Monday, January 9, 2012

A mini-revival

 Image http://homegrownhospitality.typepad.com/homegrown_hospitality/
I love formulas.  Not necessarily the mathematical sort but the “if X  then Y” sort.  If I do this then this will happen.  If my attitude is this then the outcome will be such.  I love the idea that there is predictability.  Control.  I am fooling myself.

I live in a home with six other people.  As much as I would like it to be different, I have no control over them.  Yes, I can make consequences, but I cannot control.  And I really don’t think it is in their or my best interest if I do the controlling anyways.  But at times I want to know the outcome.  If I teach gratitude my children will be grateful.  If I value cleanliness my children will pick up after themselves.  If I make them well balanced meals my family will be healthy.  If my children see me value church and the Lord they will also.  If I pray enough in the morning I will have a blessed day.  If I am nice enough then my relationships will all go well (for me). 
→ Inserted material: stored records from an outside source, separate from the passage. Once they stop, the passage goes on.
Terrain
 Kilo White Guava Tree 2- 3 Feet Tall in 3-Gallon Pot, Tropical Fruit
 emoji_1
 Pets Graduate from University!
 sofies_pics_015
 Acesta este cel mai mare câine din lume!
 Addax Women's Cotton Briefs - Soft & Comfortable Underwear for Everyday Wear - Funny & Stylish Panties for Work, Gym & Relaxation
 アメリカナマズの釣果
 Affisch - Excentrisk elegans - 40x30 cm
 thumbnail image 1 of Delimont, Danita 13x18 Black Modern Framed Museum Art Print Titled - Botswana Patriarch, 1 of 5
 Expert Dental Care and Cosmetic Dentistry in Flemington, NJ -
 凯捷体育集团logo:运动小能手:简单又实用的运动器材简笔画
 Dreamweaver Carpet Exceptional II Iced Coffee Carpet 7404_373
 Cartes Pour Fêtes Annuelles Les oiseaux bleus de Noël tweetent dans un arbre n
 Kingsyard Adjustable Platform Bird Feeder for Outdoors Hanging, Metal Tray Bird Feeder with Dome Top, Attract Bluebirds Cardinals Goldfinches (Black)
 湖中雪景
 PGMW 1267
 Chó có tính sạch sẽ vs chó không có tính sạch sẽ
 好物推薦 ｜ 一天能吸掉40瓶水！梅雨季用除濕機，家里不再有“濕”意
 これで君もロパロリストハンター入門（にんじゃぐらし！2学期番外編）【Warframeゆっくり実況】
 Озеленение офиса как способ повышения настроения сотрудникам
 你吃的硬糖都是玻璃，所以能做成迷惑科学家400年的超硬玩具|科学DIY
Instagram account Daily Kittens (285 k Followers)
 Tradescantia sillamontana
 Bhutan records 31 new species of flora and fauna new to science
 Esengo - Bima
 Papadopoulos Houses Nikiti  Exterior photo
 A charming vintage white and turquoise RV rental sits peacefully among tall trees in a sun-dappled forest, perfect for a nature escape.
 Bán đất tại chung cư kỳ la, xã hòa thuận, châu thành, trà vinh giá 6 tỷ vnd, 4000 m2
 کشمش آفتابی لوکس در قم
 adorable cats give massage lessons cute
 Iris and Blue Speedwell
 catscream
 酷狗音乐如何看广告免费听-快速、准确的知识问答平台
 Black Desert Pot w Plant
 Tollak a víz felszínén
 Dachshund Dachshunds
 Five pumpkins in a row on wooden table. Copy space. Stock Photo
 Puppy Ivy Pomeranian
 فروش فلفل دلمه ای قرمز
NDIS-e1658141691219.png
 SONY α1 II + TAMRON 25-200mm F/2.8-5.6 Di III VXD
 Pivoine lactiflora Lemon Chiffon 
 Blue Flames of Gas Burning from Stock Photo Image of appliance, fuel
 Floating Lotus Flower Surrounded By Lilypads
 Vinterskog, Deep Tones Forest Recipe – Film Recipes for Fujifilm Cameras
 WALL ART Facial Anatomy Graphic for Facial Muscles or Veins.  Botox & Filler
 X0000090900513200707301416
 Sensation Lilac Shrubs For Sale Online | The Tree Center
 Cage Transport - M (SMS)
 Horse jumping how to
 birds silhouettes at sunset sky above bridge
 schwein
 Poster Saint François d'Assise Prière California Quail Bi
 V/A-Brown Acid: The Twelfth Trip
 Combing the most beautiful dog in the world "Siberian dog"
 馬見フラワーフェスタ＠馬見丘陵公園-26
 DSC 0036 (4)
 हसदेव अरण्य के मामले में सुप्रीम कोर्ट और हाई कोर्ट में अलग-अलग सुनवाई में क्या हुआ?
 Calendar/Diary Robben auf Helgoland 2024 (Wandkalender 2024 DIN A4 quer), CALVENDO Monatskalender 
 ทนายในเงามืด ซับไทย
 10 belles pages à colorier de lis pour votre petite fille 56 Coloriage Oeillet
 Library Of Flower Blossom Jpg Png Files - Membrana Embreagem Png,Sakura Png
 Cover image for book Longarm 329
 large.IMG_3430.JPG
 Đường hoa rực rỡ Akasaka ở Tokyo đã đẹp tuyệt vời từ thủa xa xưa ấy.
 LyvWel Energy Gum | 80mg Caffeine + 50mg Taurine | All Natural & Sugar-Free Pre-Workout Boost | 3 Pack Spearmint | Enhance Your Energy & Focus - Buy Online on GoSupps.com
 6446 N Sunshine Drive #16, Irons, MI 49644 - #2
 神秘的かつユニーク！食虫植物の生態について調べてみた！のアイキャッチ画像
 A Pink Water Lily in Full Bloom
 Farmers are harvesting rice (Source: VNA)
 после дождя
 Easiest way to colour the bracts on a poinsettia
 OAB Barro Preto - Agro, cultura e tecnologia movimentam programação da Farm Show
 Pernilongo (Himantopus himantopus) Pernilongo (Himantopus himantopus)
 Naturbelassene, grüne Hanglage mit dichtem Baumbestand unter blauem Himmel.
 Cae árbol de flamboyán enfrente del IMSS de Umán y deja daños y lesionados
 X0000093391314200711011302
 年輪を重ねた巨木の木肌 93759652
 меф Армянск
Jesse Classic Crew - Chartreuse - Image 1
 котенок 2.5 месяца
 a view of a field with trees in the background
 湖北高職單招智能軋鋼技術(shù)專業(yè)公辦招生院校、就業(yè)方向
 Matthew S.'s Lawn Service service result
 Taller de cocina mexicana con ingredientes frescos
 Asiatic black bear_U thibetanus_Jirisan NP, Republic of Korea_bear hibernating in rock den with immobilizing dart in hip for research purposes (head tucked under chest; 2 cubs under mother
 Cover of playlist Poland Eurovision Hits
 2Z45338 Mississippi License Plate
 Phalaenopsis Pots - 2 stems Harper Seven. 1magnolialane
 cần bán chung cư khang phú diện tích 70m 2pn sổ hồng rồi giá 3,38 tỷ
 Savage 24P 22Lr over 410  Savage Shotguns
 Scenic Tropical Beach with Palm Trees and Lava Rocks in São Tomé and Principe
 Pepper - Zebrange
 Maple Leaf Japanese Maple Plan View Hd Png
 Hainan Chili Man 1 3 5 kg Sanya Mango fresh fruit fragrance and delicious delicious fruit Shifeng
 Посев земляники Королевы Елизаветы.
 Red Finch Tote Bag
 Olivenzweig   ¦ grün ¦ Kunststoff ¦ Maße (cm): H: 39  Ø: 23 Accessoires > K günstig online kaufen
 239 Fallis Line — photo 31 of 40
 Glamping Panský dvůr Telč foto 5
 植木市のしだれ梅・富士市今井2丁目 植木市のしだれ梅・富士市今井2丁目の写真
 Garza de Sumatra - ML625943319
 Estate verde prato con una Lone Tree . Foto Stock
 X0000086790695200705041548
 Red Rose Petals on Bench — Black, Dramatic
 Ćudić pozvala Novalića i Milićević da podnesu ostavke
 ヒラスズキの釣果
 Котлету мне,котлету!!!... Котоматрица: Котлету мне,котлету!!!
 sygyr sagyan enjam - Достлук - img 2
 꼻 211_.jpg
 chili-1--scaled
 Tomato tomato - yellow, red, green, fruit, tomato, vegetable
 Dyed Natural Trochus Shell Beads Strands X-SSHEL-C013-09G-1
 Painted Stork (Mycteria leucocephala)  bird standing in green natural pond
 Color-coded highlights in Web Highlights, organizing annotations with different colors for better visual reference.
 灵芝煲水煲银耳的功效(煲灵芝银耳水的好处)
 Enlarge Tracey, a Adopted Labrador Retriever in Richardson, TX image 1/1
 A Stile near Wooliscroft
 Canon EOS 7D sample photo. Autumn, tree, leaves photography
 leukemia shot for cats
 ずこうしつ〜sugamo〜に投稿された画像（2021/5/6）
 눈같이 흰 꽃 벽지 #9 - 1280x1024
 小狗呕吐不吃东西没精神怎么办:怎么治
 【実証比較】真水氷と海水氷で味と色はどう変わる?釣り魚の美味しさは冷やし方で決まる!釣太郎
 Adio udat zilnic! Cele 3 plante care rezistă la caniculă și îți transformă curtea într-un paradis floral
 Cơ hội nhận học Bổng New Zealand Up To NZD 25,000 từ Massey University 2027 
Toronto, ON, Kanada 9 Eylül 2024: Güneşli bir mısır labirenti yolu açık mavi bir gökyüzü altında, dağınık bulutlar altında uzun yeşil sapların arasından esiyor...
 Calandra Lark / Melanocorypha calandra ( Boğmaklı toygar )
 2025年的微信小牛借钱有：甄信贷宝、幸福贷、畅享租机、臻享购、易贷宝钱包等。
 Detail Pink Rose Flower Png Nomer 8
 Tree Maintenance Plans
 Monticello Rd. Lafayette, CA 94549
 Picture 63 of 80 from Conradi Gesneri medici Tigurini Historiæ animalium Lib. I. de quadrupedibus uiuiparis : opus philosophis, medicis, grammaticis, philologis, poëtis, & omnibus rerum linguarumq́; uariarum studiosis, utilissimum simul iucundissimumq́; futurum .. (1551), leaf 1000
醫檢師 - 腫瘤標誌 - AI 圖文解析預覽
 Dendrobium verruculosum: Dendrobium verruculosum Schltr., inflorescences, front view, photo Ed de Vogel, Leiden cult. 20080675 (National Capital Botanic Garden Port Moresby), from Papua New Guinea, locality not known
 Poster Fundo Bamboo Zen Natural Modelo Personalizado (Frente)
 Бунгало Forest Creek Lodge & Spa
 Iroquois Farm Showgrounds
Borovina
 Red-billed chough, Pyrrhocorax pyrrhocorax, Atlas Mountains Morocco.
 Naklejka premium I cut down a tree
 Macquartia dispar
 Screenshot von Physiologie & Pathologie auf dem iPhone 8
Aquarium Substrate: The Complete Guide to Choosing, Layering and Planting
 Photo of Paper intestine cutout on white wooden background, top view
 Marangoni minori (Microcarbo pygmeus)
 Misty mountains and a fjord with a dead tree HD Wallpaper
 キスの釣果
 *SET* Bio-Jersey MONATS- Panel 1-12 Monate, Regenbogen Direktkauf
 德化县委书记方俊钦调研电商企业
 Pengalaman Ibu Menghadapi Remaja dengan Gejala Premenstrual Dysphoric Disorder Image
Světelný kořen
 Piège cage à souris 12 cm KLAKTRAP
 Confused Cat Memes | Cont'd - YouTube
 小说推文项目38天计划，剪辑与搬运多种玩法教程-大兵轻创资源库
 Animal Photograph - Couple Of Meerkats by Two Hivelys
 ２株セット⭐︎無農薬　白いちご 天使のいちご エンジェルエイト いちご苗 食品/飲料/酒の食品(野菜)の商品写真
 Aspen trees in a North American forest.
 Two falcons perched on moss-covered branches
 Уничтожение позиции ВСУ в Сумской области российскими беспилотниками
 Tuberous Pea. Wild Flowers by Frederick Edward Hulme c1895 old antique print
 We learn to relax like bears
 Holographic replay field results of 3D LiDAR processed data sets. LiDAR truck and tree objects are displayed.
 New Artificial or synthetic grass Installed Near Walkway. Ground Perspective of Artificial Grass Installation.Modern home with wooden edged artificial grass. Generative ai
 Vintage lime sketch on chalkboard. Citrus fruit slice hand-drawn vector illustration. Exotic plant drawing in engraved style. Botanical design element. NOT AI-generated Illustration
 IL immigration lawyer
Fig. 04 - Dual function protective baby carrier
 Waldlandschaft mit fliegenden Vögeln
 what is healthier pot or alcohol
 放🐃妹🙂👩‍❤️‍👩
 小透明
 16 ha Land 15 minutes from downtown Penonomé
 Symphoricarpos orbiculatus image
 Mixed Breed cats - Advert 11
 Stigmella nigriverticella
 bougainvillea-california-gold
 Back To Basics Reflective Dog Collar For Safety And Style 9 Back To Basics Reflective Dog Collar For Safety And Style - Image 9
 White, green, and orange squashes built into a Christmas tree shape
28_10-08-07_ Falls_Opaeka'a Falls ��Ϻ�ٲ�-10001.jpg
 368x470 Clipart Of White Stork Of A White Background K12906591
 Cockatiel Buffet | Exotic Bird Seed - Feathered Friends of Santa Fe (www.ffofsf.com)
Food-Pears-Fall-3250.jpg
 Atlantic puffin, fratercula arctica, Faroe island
What I do have control over is me.  My attitude, my response, my actions.  And that. Is. It.

I feel my Spirit is in a sort of revival.  I have a new desire for Scripture memory.  For journaling during quiet time.  A hunger to know more of Him.  To encourage others.  To give grace frivolously.  Because if grace is undeserved then why shouldn’t it be given frivolously?  I want to receive that kind from Him.  And I want to give that to others.